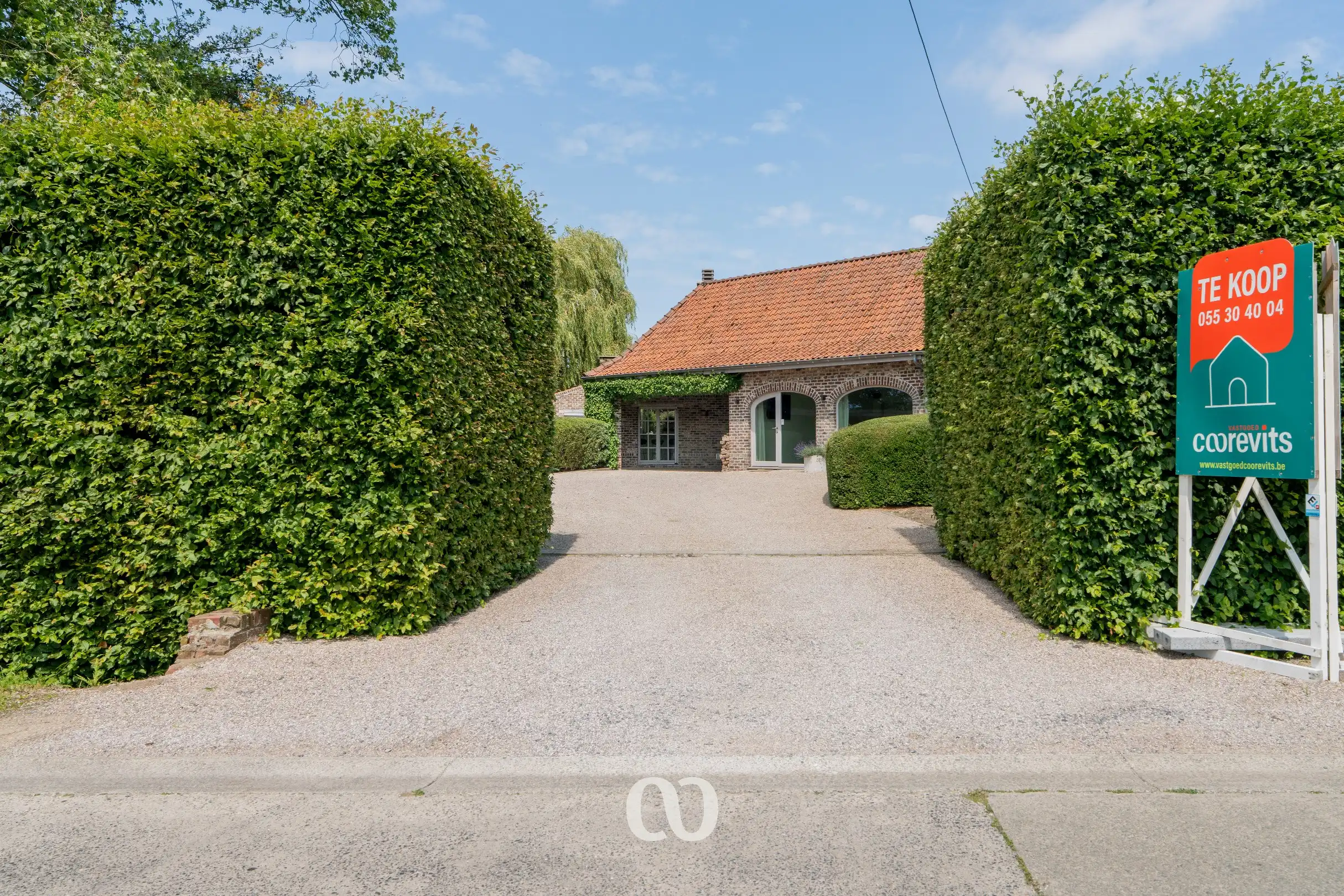 Unieke landelijke hoeve met zwembad en volledige privacy  foto 36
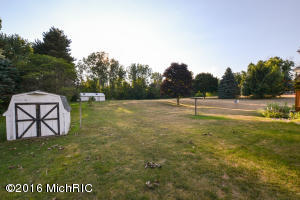 91 Ecklund Ave, Sparta, MI 49345 photo 6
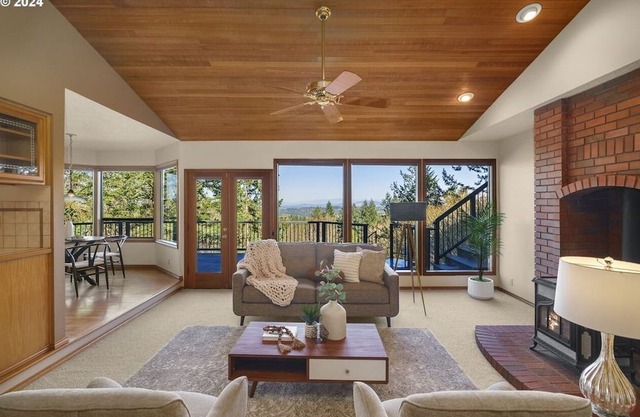 Cozy 4-bedroom house in tranquil Lake Oswego with AC - great views of Mt. Hood.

- Task to carry out -
Your copy should hold exactly the lines from the one that contains "91 Ecklund Ave, Sparta, MI 49345 photo 6" through the final line of the data, both ends included, and no pictures.

- Exercise solution -
 91 Ecklund Ave, Sparta, MI 49345 photo 6
 Cozy 4-bedroom house in tranquil Lake Oswego with AC - great views of Mt. Hood.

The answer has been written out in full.